Even better than this would be to adopt proactive guidelines as in some legislatures in the UK and the USA: these set out the court’s firm expectations for parents and their lawyers. Such guidelines could be used to quickly establish a culture that includes, for example, the expectation of those coming to court to have reported serious risks beforehand in order that the hearing can get on with it’s proper focus.  The absence of accessible properly qualified court-linked services means there are no checks or balances, comparison, criticism or influence to correct these flawed features of the legal process in Scotland.
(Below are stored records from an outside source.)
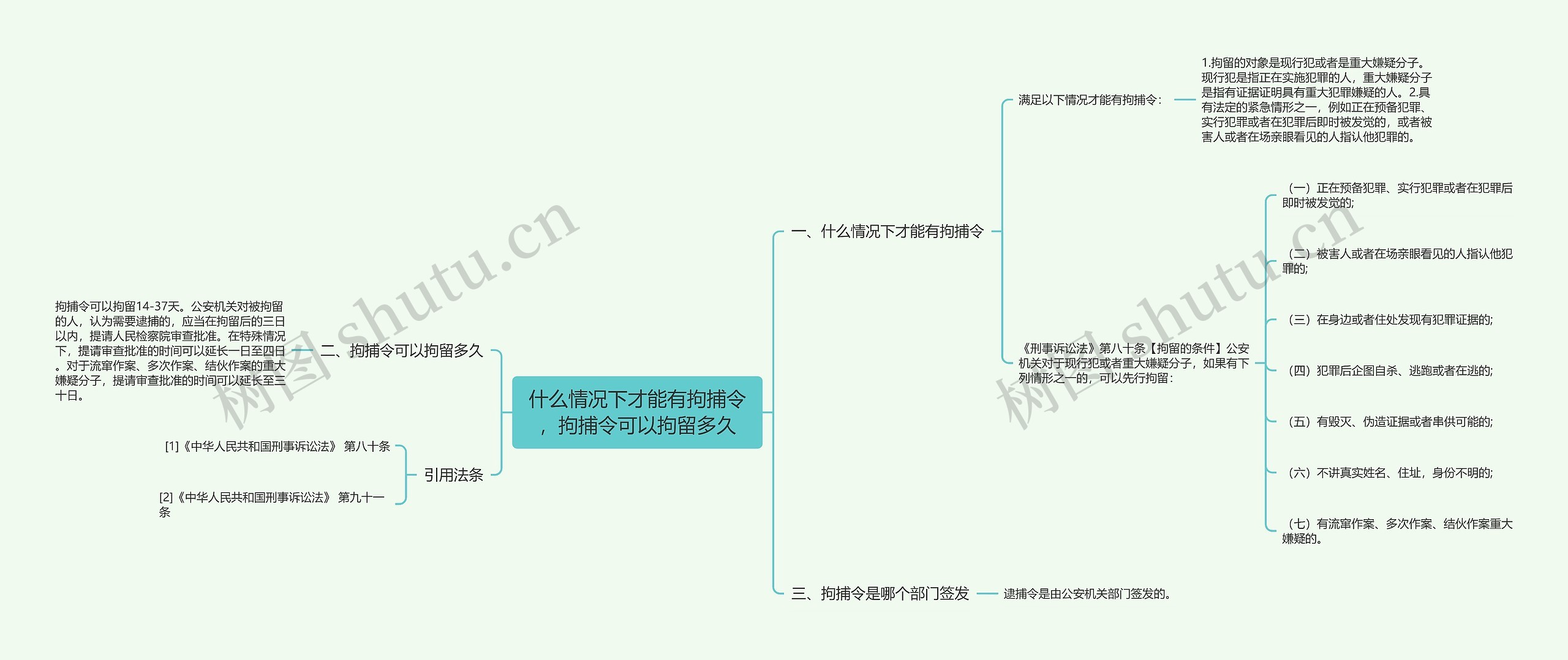 什么情况下才能有拘捕令，拘捕令可以拘留多久思维导图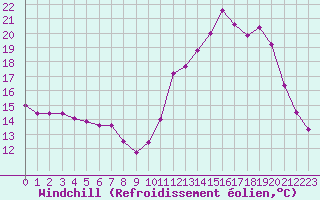 Courbe du refroidissement olien pour Angers-Marc (49)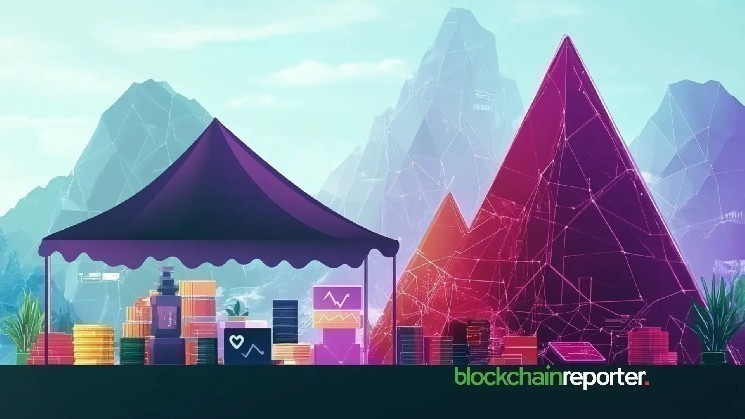 BONK та FARTCOIN: Найбільш недооцінені мем-криптовалюти цього тижня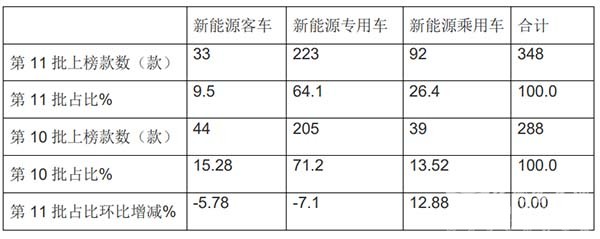 新能源汽车 推荐目录 新能源客车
Parents who are able and can afford to, have often spent many months and a small fortune to get to see the sheriff, this genial Wizard of Oz. With more or less wisdom, the sheriff makes interim residence and contact orders. With not much more than blind hope sometimes, pinning orders onto families is more like pinning a tail on the donkey. Whether the case is serious or not, and without substantial legal direction nor the will or option to delegate the work nor to simply set the parents free to sort it themselves, family lawyers and family courts often settle down into a well-intentioned continuing role like very expensive traffic cops directing (at best) the flow of disputes as they arise. Family courts do not assert the law – which would be to confirm (or not) that both parents have equal responsibilities and rights and send the parents away to get on with it or get the help they need. The courts cannot do competent mediation themselves, let alone child-focused mediation. And the courts have for decades failed to recruit and mandate those who are qualified to do this child and family work.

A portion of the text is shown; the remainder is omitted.